Kaye and I just returned from England where I spoke at the famous Keswick Convention. Keswick is a little town in the extraordinarily beautiful Lake District of northern England. The Convention has been meeting every summer since 1875, except for a couple of war years; its theme is ALL ONE IN CHRIST. When I was a young preacher I looked forward to getting every year The Keswick Week, a book containing messages of that year’s convention. It was also filled with pictures. My favorite picture was the Speakers’ Picture, which was the first one in the book. Picturing both the speakers and the committee members it showed three rows of stuffy-looking old men, most wearing the collars of the Anglican Church. They looked serious, formal and stiff upper lipish.

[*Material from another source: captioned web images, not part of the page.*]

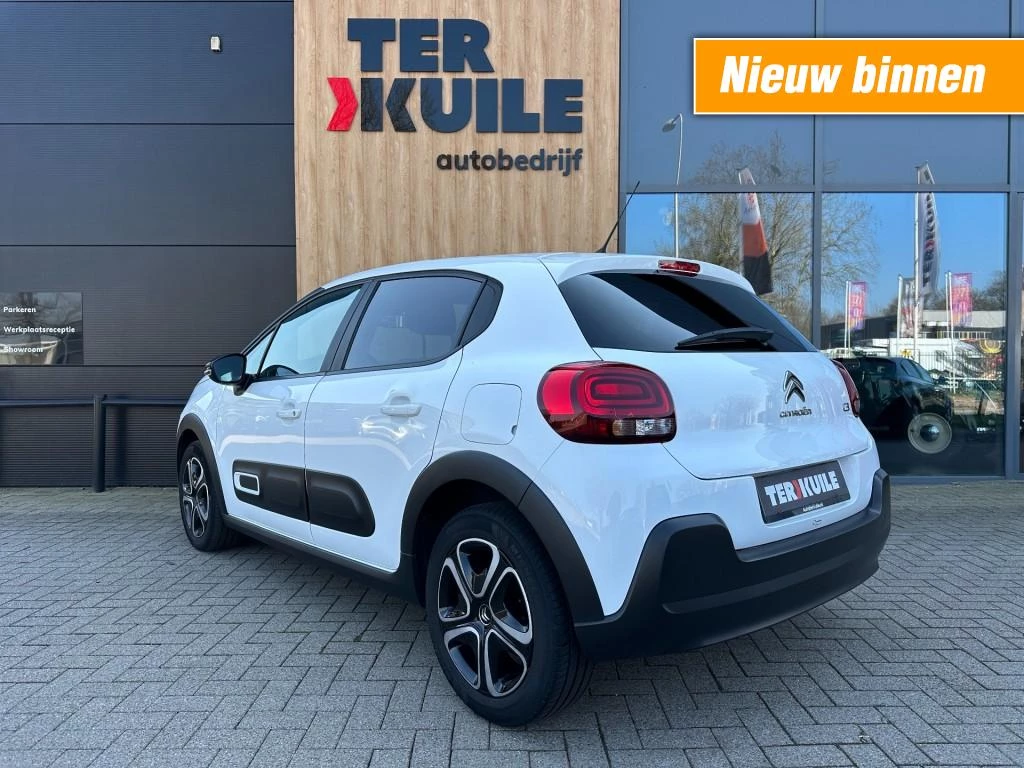 Hoofdafbeelding Citroën C3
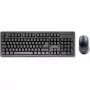 Ultron UMC-200 set de teclado y ratón con cable, negro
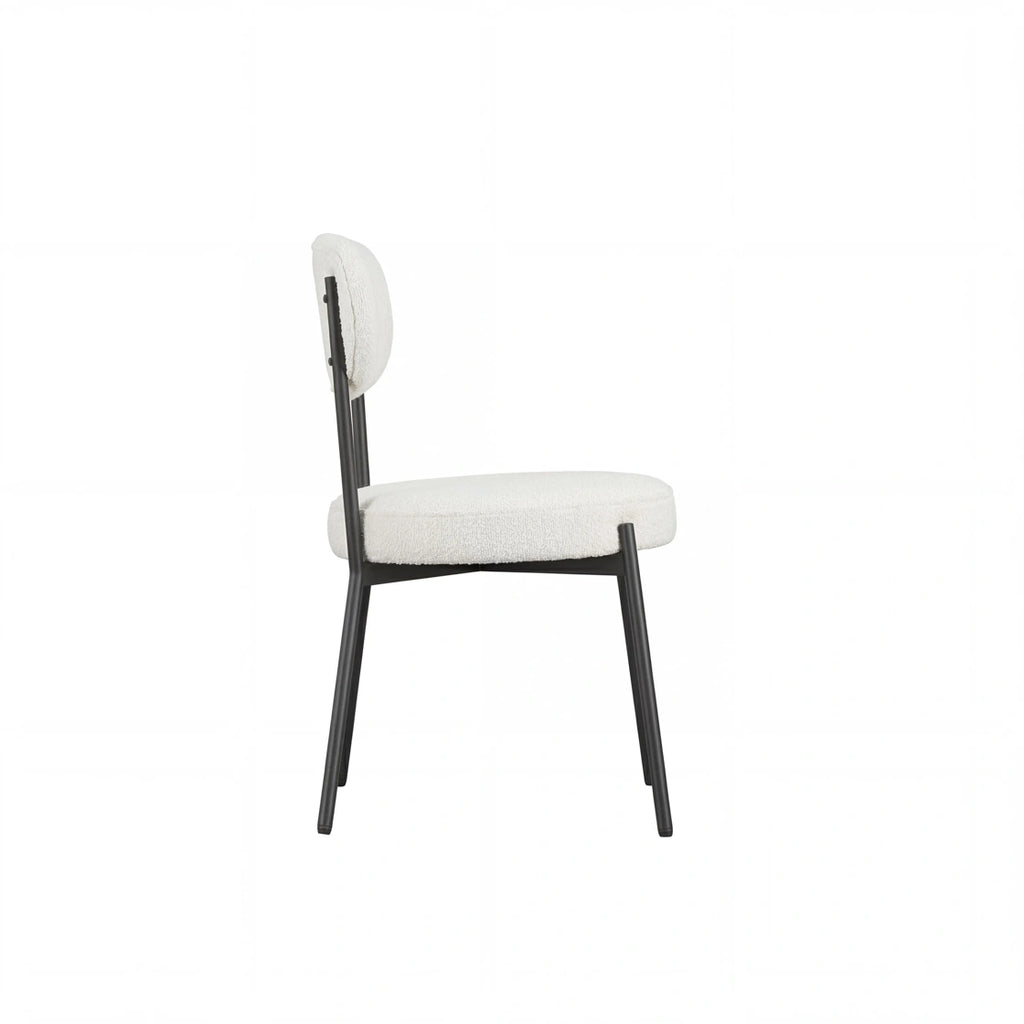 Smith Ivory Dining Chair (2 Per Pack)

And I was thrilled to be invited to speak in 1978, then in 1980 and 1982 and 1987. So this was our first visit to the Convention in twelve years. When we last attended in ‘87 there were already some changes being made and so we were anxious to see how much it had changed. And it has changed. Like most conventions of its type it is appealing more to the younger generation. Gone is the organ and piano, replaced by a small praise band, with singing being led by a couple of young people. The hymnbooks have been removed and replaced with TV monitors. It was much less formal—I saw only one clerical collar! And the man who led the Bible Readings, the most prestigious part of the Convention, wore an open collar sport shirt without a coat! It was certainly not the same Keswick I first attended in 1978, but it was great and we had a wonderful time. One thing that has not changed is the hunger to hear the Word of God.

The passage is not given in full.